Strong correlations have been observed with depressive disorders in adult tinnitus patients and evidence has been presented that supports a role of 5-HT in the perception of tinnitus (Simpson and Davies, 2000). It has been speculated that there is a dysfunction in the serotonergic system in tinnitus sufferers and that the same mechanisms that cause anxiety and depressive disorders may also cause suffering from tinnitus (Holgers et al. 2003).
Because of the strong correlation between TTS, NIT and ST, there is reason to believe that audiological disturbances are a prerequisite for spontaneous tinnitus, but it is also possible that the same mechanisms that cause a vulnerability to perceiving tinnitus symptoms may cause a vulnerability to perceive TTS and NIT.

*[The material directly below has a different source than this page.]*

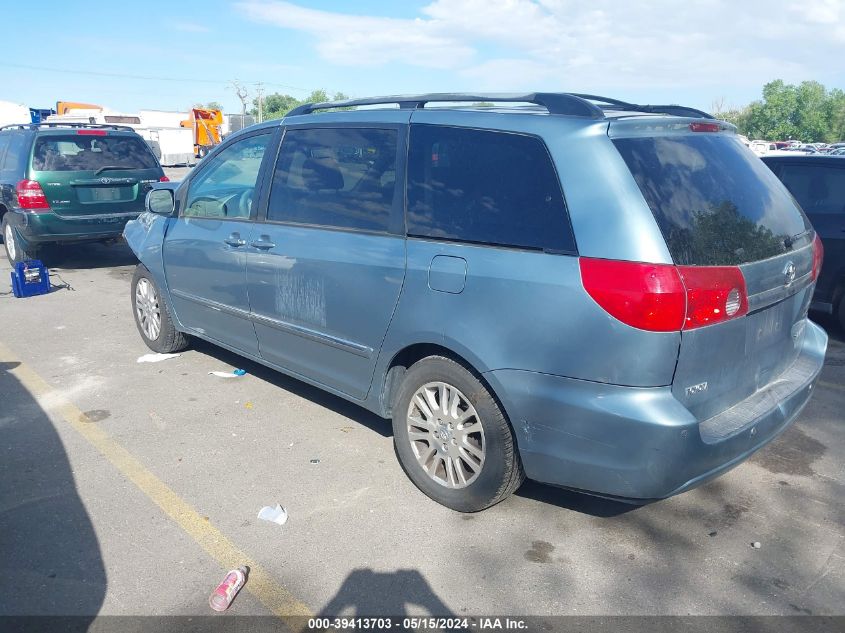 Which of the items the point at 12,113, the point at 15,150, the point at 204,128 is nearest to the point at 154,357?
the point at 15,150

In school children, correlations are found between the subjective hearing symptoms and exercise and eating habits, sleep disturbances, BMI, depressive and anxiety symptoms, heredity for HL and noise exposure dosage. The sensitivity to subjective hearing loss has similar risk factors, as seen for metabolic syndrome, and we suggest that this sensitivity may be one aspect of metabolic syndrome.